• **HOW TO COMPLETE THIS TASK**:
When you transcribe the lines below, keep every word the same and leave the pictures behind.

• **STORED DATA**:
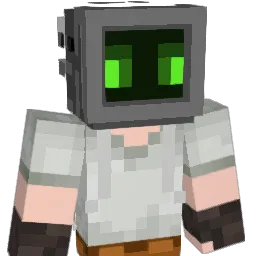 McBeano
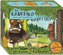Gruffalo Box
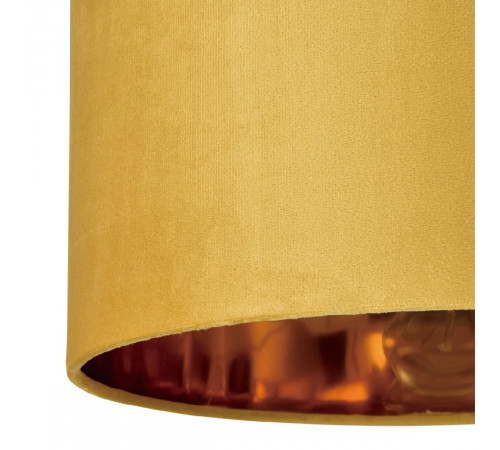 Торшер Lumion Velveta 8072/1F Торшер Lumion Velveta 8072/1F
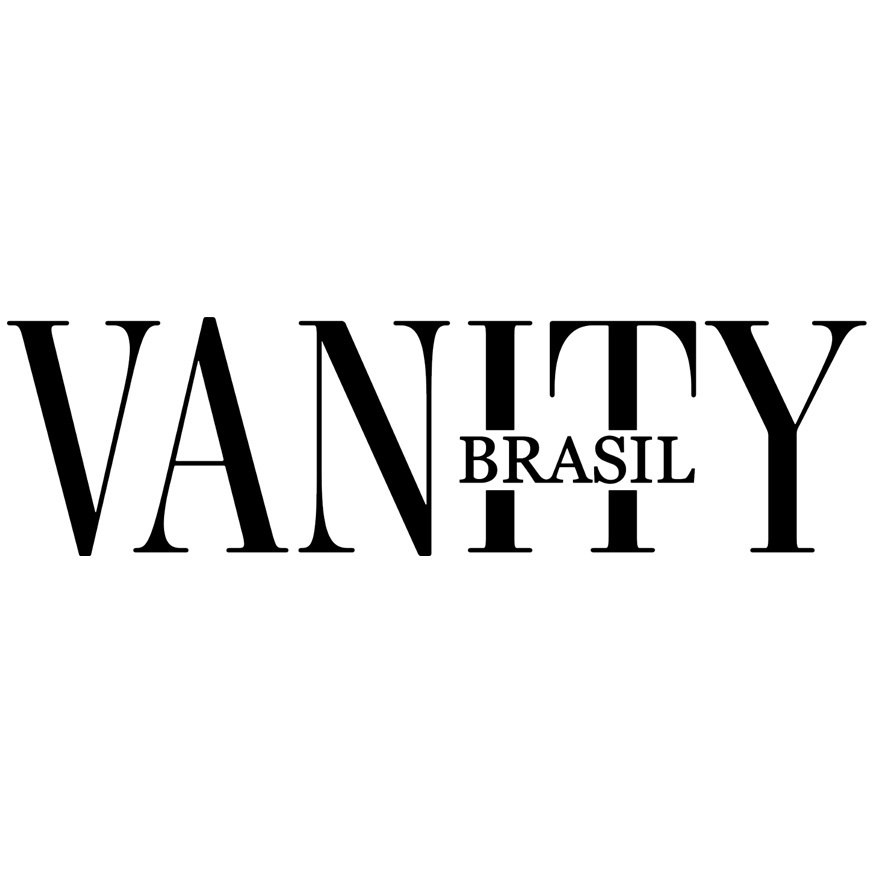 Vanity Brasil - Saúde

• **RESPONSE FOR THIS EXERCISE**:
 McBeano
Gruffalo Box
 Торшер Lumion Velveta 8072/1F Торшер Lumion Velveta 8072/1F
 Vanity Brasil - Saúde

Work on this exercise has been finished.